Try it
Transcribe the entries below exactly, starting with the line that has "Diamond Freshwater Pearl" and stopping after the line that has "Apartament Sweet Dreams"; no pictures belong in the copy.

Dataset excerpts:
──────────────────────────────

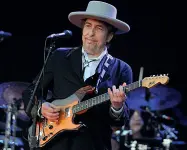  ??  ?? Volti
Bob Dylan in concerto: sono due le tappe previste in Veneto A destra, Teresa Mannino, in scena con «Sento la terra girare»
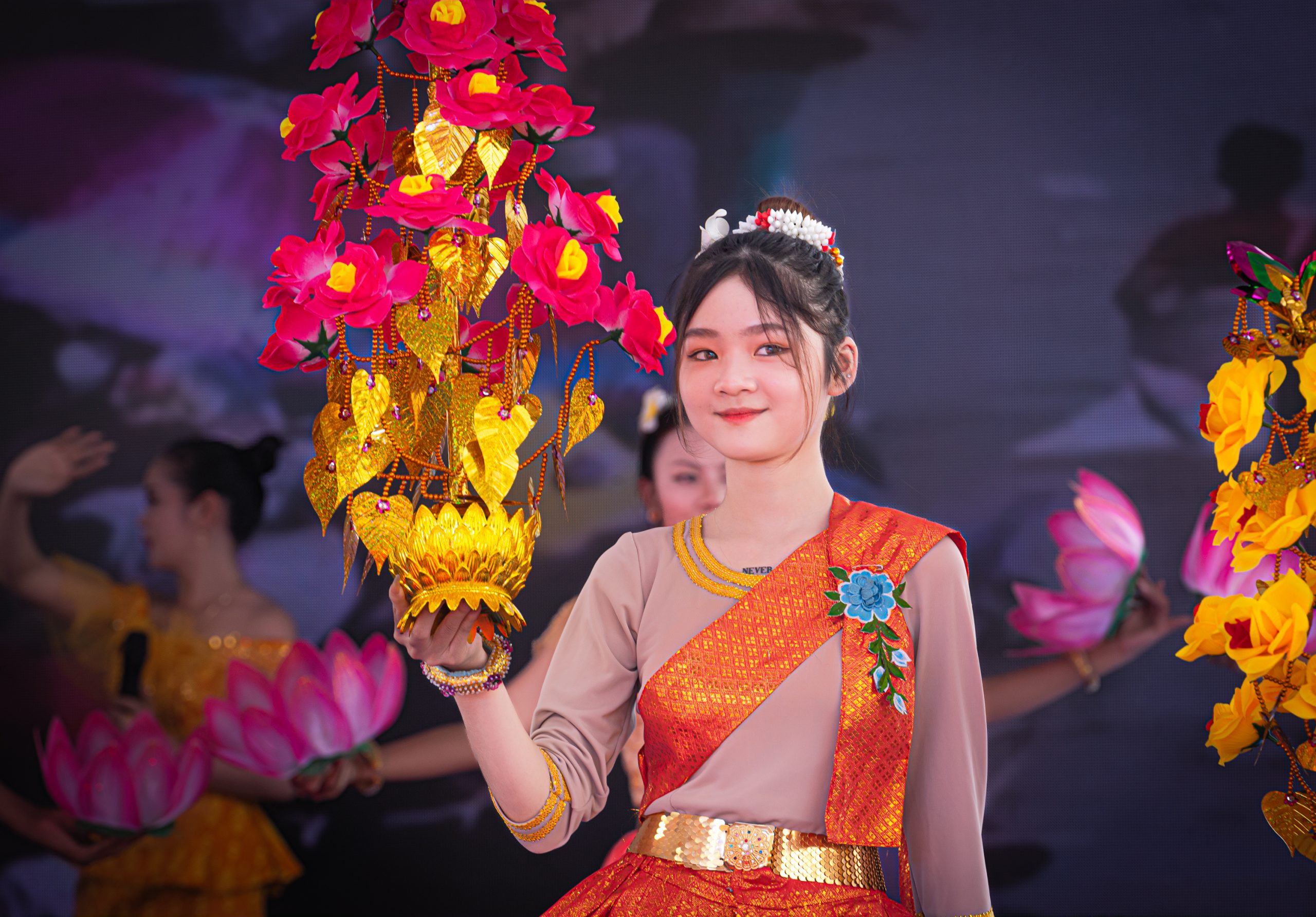 81.Đua ghe ngo Sóc Trăng – Huỳnh Trịnh Viễn Phương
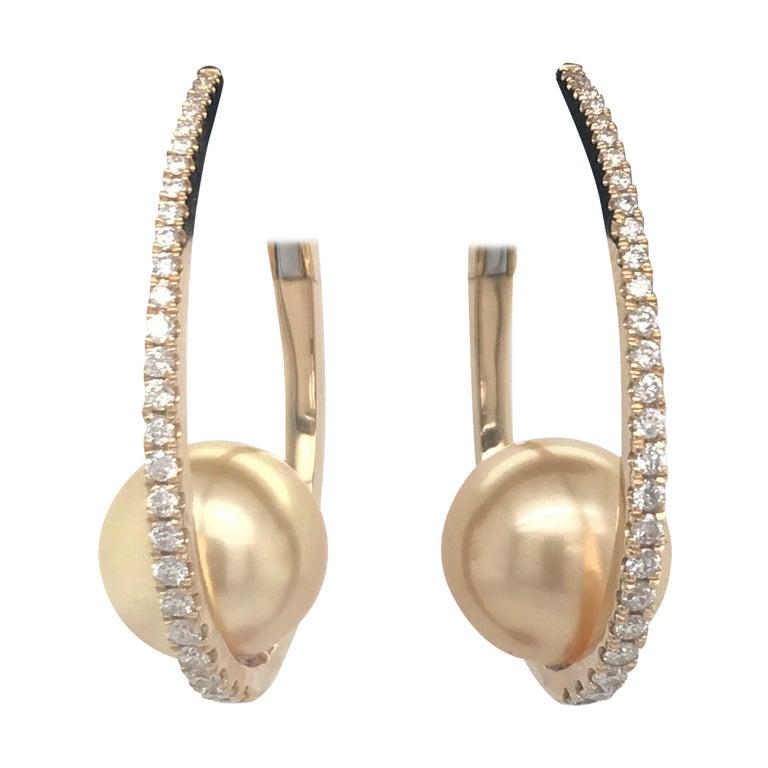 Diamond Freshwater Pearl Hoop Earrings 0.50 Carats 18 Karat White Gold 10-11 MM For Sale 4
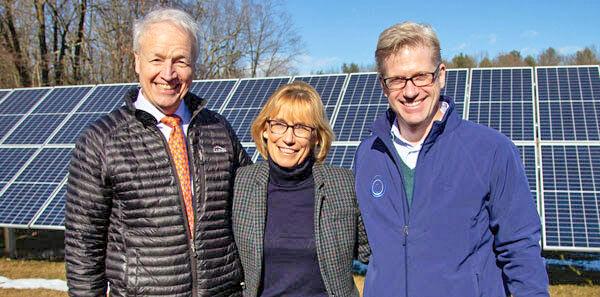 maggie-hassan-solar-ribbon-cutting-newfields.jpg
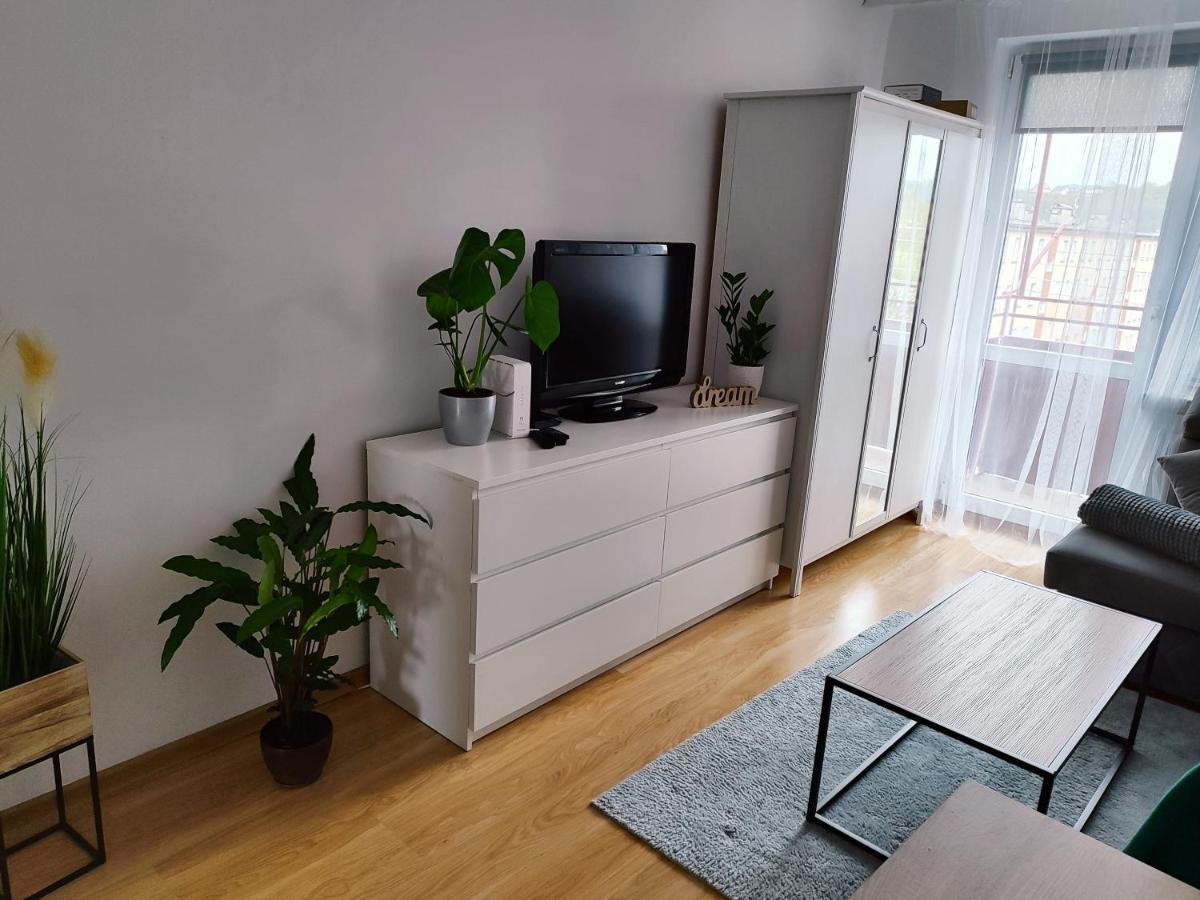 Apartament Sweet Dreams Appartamento Sanok Esterno foto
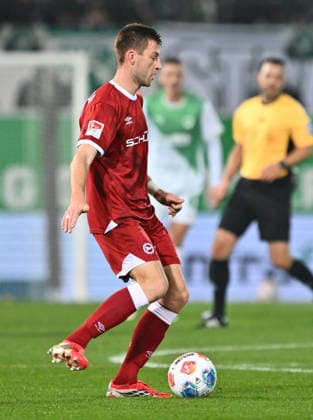 20 02 2026 Soccer Season 2025 2026 2 Soccer Bundesliga 23 Matchday SpVgg Greuther Fürth Kleeblatt SGF DSC Arminia Bielefeld Sportfoto Zink xwoxzix DFL regulations prohibit any use of photographs as image sequences and or quasi video only for editorial use Robin Knoche 31, Arminia Bielefeld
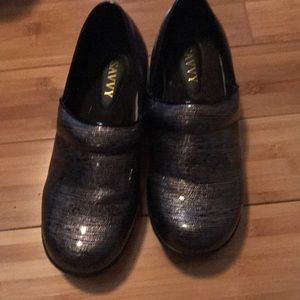 Black savvy nursing shoes size 9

──────────────────────────────

Written answer
 Diamond Freshwater Pearl Hoop Earrings 0.50 Carats 18 Karat White Gold 10-11 MM For Sale 4
 maggie-hassan-solar-ribbon-cutting-newfields.jpg
 Apartament Sweet Dreams Appartamento Sanok Esterno foto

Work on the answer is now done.